In 1994 NAFTA changed the terms of trade and redefined the North American supply chain. It is no surprise that automakers and parts manufacturers started relocating production to low-wage Mexico or in some cases the low-wage U.S. south.
We used to have a $3.5 billion auto trade deficit with Mexico for cars and parts. The deficit is now nearing $30 billion. We expected this would happen. This is part of the reason Canadian auto workers have long been opposed to NAFTA. Over time and through our collective bargaining, we've managed to secure decent wages and benefits for our members doing very difficult, repetitive and skilled labour, but all that gets undercut as Mexican factories pop up and workers are paid a wage that's a fraction of what we earn.
I don't know if you know this, but a new Audi assembly plant located in Mexico, producing a $40,000 luxury SUV, for instance, will pay workers around $2.25 U.S. per hour. Canadian workers will not, and should not, have to compete with that. I'll tell you there is rarely a time when Canadian auto companies fail to point out these disparities when they're trying to lower our wages, trim our benefits or overhaul our pensions.

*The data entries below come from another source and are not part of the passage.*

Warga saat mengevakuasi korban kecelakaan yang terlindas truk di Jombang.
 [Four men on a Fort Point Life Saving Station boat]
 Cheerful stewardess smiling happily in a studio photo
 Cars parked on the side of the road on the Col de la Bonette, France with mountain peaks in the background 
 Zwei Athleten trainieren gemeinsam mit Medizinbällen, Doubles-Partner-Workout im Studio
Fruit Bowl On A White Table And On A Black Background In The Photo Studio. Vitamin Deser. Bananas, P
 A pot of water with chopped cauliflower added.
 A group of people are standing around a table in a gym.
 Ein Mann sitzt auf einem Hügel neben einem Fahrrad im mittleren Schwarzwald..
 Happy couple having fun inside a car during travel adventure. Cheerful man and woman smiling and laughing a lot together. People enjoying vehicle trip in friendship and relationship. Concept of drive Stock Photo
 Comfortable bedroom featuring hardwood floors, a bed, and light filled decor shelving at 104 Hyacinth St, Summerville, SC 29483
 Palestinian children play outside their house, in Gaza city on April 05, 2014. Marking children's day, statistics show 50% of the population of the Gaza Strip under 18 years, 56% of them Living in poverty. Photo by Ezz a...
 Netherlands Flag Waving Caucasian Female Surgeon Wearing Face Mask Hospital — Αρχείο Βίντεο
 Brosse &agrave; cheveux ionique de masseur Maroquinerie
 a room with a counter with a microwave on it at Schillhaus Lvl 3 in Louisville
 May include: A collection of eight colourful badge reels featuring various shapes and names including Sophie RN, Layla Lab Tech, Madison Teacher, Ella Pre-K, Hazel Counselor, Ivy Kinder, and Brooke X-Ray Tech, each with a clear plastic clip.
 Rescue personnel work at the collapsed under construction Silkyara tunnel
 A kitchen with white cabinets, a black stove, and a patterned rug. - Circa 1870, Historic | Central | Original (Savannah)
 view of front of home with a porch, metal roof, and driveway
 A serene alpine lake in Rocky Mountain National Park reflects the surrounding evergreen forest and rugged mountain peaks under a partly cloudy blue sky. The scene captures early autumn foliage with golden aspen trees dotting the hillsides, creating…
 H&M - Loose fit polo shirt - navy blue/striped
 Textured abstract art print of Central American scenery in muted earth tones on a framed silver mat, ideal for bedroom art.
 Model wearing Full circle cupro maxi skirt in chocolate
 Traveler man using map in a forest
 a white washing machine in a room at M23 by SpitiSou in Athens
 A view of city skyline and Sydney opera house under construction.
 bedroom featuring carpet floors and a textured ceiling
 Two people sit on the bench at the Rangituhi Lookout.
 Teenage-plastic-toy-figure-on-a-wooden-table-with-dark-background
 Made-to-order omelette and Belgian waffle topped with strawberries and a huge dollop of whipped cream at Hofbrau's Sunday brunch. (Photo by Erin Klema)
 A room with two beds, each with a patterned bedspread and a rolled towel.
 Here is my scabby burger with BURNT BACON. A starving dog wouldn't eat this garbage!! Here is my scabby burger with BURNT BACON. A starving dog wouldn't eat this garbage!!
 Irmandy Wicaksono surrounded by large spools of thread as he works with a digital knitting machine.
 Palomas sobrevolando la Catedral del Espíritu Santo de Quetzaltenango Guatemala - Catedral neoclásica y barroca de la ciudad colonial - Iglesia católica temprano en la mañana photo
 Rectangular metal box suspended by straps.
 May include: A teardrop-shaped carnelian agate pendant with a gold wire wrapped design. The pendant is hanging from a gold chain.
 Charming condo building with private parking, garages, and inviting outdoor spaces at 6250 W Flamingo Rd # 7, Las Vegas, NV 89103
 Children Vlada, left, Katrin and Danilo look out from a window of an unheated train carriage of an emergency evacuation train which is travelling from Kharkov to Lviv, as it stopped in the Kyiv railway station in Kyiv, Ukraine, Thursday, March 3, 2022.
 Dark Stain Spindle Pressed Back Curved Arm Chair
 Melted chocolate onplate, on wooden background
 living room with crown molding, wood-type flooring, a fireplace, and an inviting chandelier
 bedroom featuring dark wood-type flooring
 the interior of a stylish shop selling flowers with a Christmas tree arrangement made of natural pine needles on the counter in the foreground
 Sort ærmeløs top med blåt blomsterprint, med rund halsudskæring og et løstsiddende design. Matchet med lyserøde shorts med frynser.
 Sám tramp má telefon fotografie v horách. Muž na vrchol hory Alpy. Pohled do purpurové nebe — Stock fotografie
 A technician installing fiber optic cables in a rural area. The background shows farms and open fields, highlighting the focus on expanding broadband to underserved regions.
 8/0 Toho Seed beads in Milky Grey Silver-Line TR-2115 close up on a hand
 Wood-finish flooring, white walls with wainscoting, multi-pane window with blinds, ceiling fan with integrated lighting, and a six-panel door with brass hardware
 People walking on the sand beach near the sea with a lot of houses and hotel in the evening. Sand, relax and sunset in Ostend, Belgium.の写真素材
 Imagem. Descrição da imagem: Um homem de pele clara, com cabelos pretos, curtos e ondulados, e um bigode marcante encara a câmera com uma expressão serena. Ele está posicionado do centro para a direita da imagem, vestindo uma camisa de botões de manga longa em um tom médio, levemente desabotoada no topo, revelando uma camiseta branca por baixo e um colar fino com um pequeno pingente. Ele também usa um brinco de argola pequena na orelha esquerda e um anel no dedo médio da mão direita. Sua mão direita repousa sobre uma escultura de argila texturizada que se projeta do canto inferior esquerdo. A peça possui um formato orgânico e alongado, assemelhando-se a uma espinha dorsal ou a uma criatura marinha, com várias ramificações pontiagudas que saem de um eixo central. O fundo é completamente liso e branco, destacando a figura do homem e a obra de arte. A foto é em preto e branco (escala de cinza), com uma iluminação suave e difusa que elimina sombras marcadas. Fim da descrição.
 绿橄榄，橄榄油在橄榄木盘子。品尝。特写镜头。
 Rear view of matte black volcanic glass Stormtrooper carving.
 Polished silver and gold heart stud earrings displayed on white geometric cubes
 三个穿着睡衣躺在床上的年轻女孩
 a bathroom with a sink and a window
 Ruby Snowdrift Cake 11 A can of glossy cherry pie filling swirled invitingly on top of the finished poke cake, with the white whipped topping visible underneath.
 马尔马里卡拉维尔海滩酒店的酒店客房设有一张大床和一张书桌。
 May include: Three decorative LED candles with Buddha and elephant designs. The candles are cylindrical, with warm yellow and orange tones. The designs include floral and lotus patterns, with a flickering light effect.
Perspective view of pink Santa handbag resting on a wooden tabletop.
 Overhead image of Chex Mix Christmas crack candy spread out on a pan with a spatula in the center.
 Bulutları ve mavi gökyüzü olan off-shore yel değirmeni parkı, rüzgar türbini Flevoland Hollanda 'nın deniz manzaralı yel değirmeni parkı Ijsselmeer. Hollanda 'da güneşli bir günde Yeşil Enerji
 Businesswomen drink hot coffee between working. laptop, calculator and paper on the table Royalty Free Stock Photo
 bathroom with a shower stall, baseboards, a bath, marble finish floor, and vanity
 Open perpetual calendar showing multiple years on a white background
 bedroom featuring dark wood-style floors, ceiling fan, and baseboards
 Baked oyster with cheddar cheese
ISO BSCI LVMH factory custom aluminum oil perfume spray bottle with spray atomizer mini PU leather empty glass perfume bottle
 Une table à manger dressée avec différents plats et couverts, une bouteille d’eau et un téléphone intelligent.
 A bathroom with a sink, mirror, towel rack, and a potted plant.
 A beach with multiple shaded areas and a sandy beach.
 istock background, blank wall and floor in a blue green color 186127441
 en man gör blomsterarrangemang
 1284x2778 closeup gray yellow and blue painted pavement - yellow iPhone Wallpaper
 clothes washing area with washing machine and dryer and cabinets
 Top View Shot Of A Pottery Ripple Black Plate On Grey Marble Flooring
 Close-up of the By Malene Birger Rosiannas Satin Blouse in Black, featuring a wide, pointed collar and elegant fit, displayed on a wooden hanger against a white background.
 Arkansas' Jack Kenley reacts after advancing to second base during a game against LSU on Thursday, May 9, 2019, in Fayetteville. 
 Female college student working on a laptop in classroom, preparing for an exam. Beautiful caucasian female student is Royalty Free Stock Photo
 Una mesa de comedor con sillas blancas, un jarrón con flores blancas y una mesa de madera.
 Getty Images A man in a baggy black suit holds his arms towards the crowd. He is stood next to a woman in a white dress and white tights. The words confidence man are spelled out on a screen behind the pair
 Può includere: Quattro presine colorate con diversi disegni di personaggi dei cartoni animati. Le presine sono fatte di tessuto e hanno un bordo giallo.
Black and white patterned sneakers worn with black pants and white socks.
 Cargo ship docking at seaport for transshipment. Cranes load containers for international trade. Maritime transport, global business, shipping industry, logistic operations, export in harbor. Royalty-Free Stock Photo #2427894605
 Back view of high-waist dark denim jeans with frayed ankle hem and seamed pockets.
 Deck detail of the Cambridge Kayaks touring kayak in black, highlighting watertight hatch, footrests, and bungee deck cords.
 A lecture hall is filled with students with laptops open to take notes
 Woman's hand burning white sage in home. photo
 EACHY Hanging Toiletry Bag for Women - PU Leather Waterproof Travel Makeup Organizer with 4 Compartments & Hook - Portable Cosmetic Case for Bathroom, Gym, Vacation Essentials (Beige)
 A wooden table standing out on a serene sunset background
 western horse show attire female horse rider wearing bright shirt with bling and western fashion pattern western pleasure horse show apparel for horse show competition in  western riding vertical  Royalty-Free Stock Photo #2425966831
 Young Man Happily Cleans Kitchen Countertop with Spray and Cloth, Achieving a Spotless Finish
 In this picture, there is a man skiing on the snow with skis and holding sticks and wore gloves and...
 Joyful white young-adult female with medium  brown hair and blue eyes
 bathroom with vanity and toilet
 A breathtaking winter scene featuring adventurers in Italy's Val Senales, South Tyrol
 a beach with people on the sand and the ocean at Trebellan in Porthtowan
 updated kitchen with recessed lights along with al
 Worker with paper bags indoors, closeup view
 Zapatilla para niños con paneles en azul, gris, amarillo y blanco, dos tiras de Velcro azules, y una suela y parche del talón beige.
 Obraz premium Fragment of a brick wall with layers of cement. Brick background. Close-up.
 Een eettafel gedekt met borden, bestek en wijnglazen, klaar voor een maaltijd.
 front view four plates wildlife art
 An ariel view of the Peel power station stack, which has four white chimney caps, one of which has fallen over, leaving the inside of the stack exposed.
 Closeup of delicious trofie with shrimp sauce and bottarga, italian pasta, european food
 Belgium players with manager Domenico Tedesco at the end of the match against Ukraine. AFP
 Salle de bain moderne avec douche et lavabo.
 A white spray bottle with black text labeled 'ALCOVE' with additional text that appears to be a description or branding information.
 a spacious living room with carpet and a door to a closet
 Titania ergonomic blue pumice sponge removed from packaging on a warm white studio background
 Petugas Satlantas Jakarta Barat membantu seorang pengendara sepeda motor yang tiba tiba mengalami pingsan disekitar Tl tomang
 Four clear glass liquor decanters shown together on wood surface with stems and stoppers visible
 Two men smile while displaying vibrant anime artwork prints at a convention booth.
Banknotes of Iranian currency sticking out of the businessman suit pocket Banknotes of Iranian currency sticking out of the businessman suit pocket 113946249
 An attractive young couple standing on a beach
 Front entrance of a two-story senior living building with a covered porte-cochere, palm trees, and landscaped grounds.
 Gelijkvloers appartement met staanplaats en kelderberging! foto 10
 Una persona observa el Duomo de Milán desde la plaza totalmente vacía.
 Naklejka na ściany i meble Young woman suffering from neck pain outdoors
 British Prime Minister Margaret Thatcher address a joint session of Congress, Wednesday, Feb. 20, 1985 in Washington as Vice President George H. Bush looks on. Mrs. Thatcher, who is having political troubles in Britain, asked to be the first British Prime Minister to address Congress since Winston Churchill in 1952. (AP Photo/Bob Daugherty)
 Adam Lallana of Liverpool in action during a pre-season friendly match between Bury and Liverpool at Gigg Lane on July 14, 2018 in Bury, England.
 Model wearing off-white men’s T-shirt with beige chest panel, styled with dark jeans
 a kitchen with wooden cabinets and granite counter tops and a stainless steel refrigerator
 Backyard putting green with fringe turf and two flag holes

This is NAFTA's effect on working conditions in Canada.
As I said, our union put a lot of time and resources into engaging in NAFTA renegotiations and working with federal officials to make meaningful changes. No one was under any assumption that tinkering with NAFTA would, by itself, undo decades of damage and neglect, but certainly, meaningful changes were made, and we recognize that.
Under CUSMA there is now a much higher threshold to determine a North American-made car than there was under NAFTA. Giving tariff preferences to carmakers that build a car actually made from North American components strengthens the integrity of the deal. This is far different from the approach the Harper government took when renegotiating the TPP wherein they committed to weakening the NAFTA threshold. Under TPP, which Unifor strongly opposed, more than half a car didn't have to be built in a trade zone to receive tariff preference.
It's good news that under CUSMA the trend is reversed. We think that this could help locate production of tier-1 and tier-2 suppliers into Canada as carmakers attempt to meet the new rules.
CUSMA also strengthens rules of origin on key component parts over and above the original deal. For the first time, there are auto rules of origin that apply to steel and aluminum resources, requiring OEMs to purchase at least 70% of these materials in North America.